Stored dataset items:
= = = = =

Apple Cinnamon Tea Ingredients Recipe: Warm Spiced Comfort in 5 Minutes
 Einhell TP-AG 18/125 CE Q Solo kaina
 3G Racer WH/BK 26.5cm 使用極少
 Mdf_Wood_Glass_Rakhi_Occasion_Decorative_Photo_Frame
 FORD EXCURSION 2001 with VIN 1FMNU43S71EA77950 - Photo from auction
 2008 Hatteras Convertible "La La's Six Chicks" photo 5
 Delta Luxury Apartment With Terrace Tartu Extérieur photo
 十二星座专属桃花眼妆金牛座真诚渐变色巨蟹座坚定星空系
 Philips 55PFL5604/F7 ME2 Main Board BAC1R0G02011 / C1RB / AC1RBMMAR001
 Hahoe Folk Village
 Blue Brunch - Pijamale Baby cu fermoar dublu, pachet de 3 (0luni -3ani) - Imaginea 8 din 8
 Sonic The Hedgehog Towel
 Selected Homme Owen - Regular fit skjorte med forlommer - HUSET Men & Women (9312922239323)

= = = = =

### Task instructions
Could you reproduce, exactly, every line above from the line with "十二星座专属桃花眼妆金牛座真诚渐变色巨蟹座坚定星空系" to the line with "Sonic The Hedgehog Towel", and no other line? Both ends count.

### Answer box
 十二星座专属桃花眼妆金牛座真诚渐变色巨蟹座坚定星空系
 Philips 55PFL5604/F7 ME2 Main Board BAC1R0G02011 / C1RB / AC1RBMMAR001
 Hahoe Folk Village
 Blue Brunch - Pijamale Baby cu fermoar dublu, pachet de 3 (0luni -3ani) - Imaginea 8 din 8
 Sonic The Hedgehog Towel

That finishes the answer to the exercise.